**INFORMATION SHOWN**:
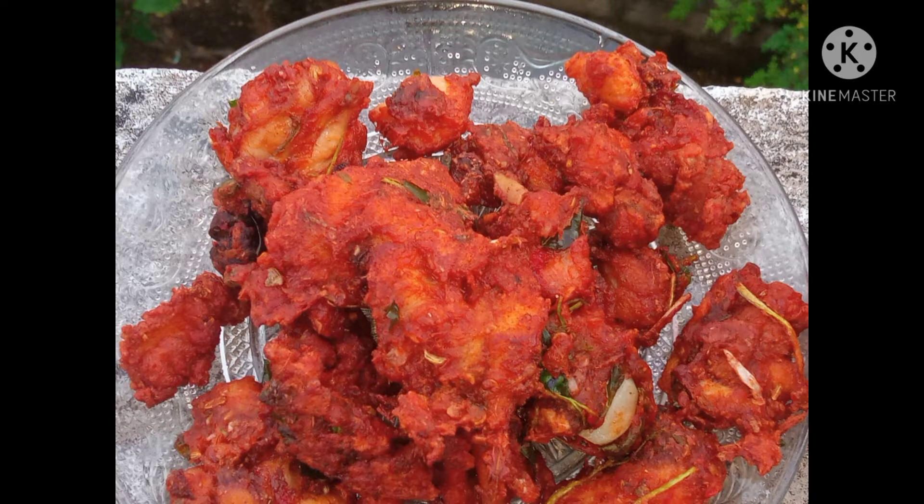Hi friends, Assalamualaikum. I am going to show you a recipe in this video.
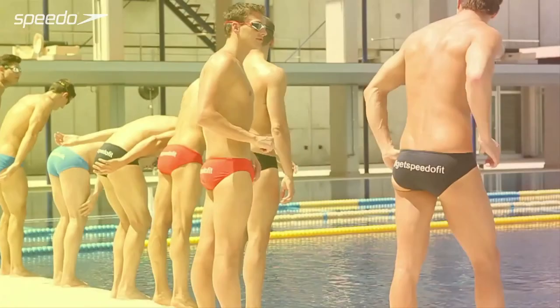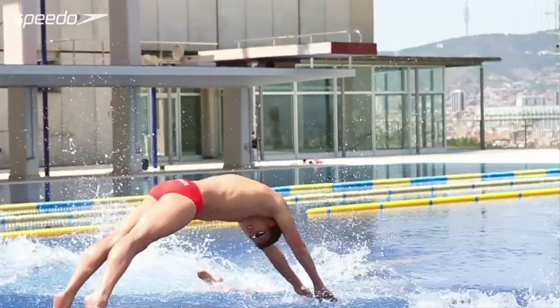I enjoy the pool buoy. I think it allows your body to float and it allows your body to move through the water a bit more effortlessly. And it gives you a really good feel for position in water. So it's something to aim towards when you take away the pool buoy. I am Speedo Fit.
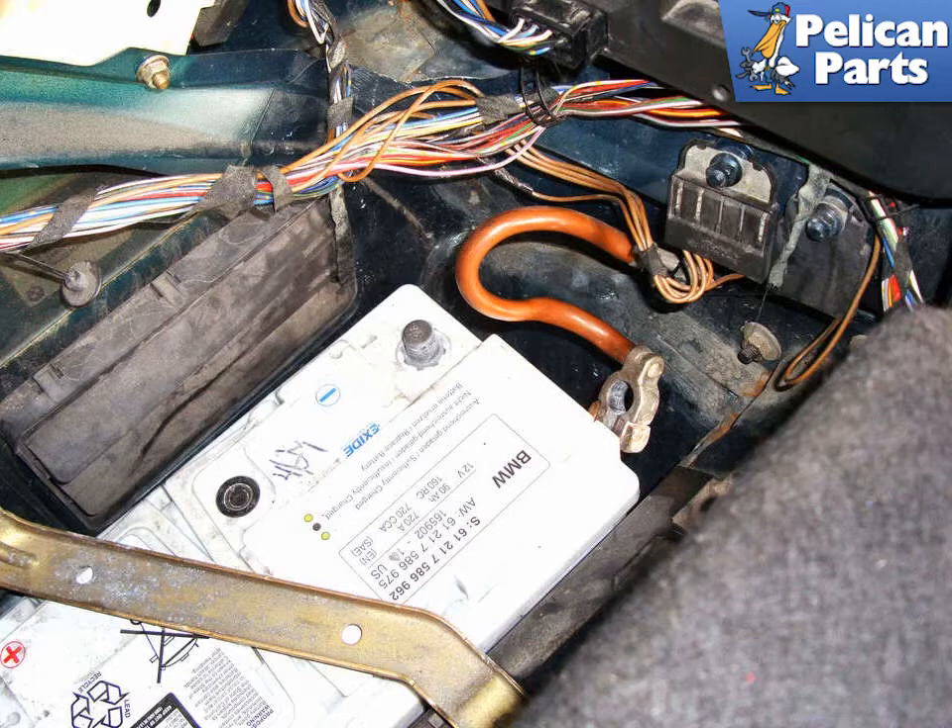One thing you have to do is begin by disconnecting the negative terminal on the battery and placing it somewhere where it cannot accidentally come back in contact with the post while you are working.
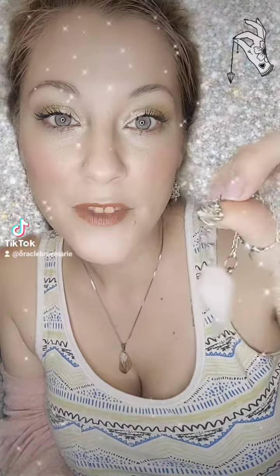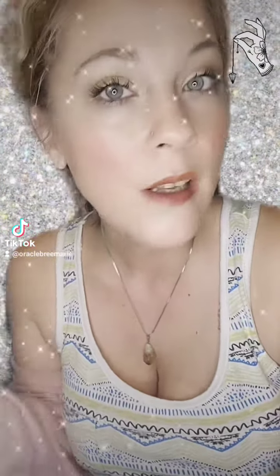If you already know how to use a pendulum, then this video isn't for you. But I recently bought a pendulum for a good friend of mine, and she asked me to make her a video so she knew how to use it. So I figured, why not make one for everyone who needs to learn how to use a pendulum?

**PROBLEM STATEMENT**: Please copy, exactly and only, the lines of the listing that run from the one holding "One thing you" through its last line, and exclude pictures.

**EXPECTED ANSWER**:
One thing you have to do is begin by disconnecting the negative terminal on the battery and placing it somewhere where it cannot accidentally come back in contact with the post while you are working.
If you already know how to use a pendulum, then this video isn't for you. But I recently bought a pendulum for a good friend of mine, and she asked me to make her a video so she knew how to use it. So I figured, why not make one for everyone who needs to learn how to use a pendulum?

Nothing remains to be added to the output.